I kept track of what news and blogs I was reading over the course of a week. Some interesting takeaways from the data:
I consumed 73% of this media on an iPad, and 88% digitally overall. The remaining 12% is all radio, specifically WBUR. What’s interesting is that the BBC on WBUR was basically my only source of international news, and international news only comprised 6% of my total media consumption. Half my consumption was about technology or the tech industry, and 12% was national news. The remaining 30% consisted of softer stories about culture.
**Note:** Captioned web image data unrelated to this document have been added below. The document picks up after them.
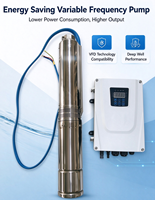 Pompa Sumur Dalam 4 Inci 220V Frekuensi Variabel MPPT Pompa Borehole Tahan Korosi Pompa Air Submersible Baja Tahan Karat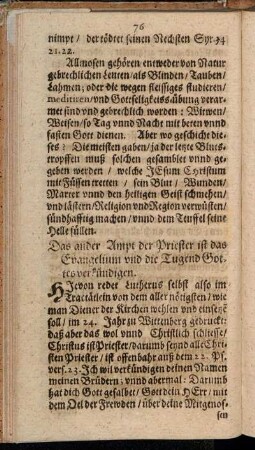 Das ander Ampt der Priester ist das Evangelium und die Tugend Gottes verkündigen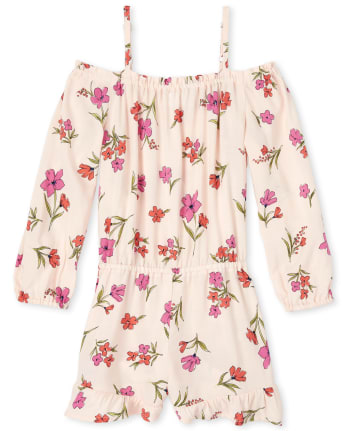 Girls Floral Off Shoulder Romper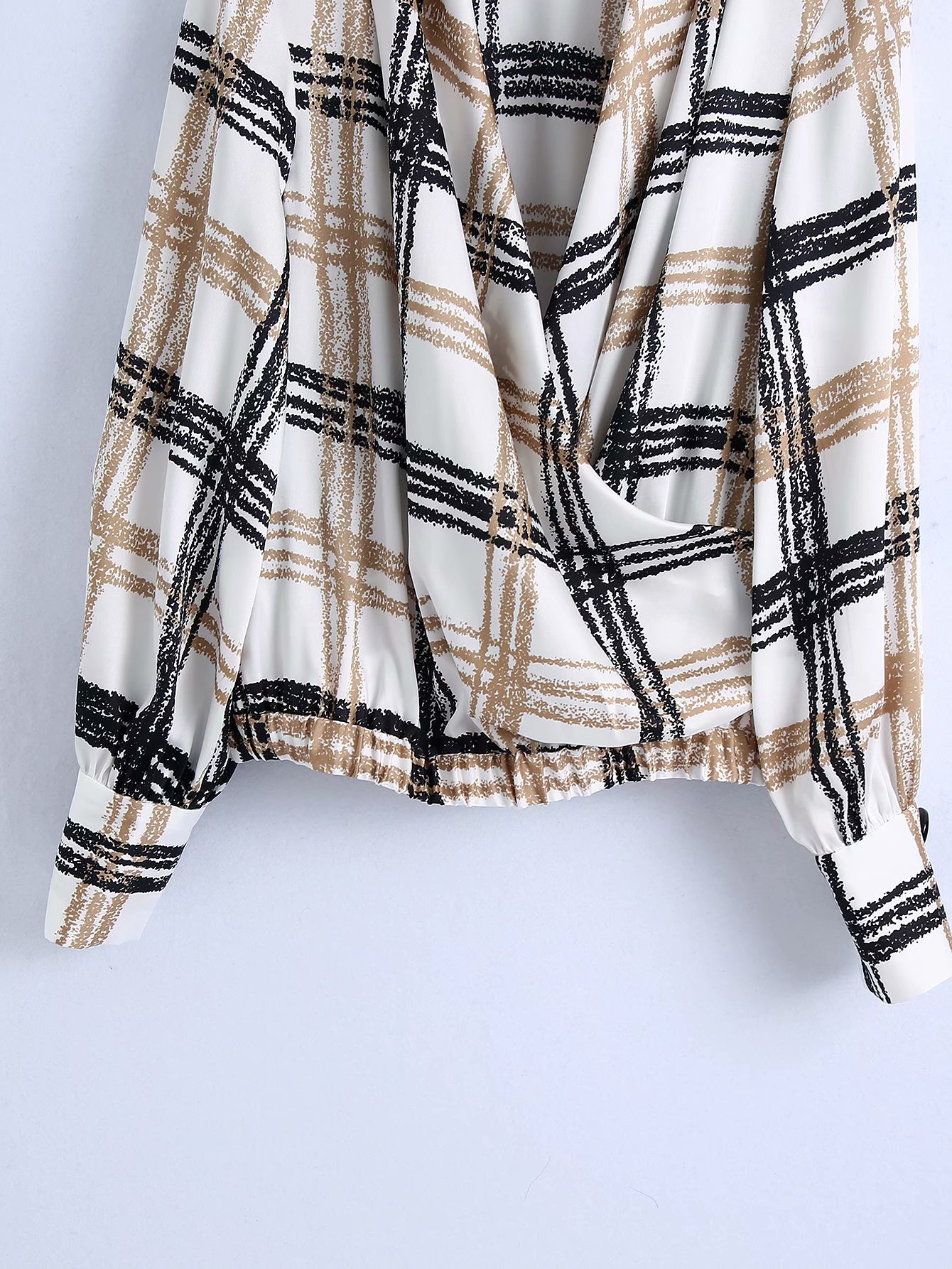 winter print plaid blouse NSAM20901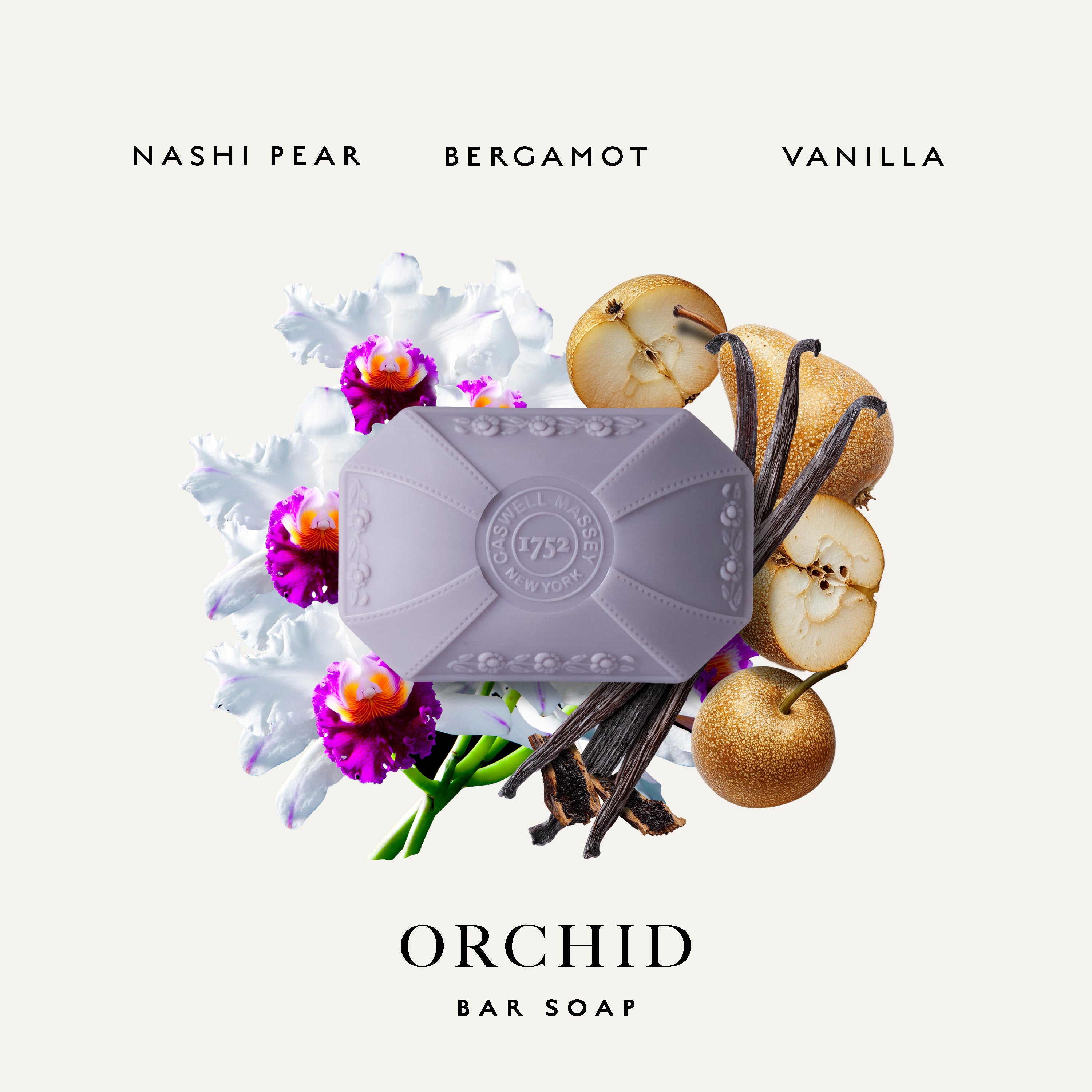 A bar of orchid scented soap by Caswell-Massey, styled with white orchids, sliced pears, vanilla beans, and a lavender-colored soap bar on a light beige background. Text at the top reads 'NASHI PEAR BERGAMOT VANILLA' and the bottom reads 'ORCHID BAR SOAP'.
One worrisome thing I noticed is that over half my news comes from tailored sources which aren’t very diverse — 57% of my news comes from aggregators that filter news, namely Zite and Twitter. Zite learns what I like to give me news stories it thinks I’ll find relevant, and I choose who to follow on Twitter.
This means that I’m reading a subset of news, blogs, and tweets which tend to support similar viewpoints, and I’m missing out on interesting content I don’t know I even might want to read. I’m my own news editor, and the more my tastes differ from someone else’s, the more likely it is that we are reading totally different sets of news. As local newspapers close, personalized news becomes more prevalent, and algorithms better learn what we like, this issue will only get worse. It is less likely that people will get a diverse set of opinions in their news, and it’s less often that we’ll have strong national stories which bring us all together as citizens.
Thanks for sharing not just the consumption data, but your commentary on what you learned from the process. It’s very interesting for me to see a person who’s moved to the iPad as the leading means of consumption – wouldn’t be surprised if there are online marketers reading your observations with a careful eye!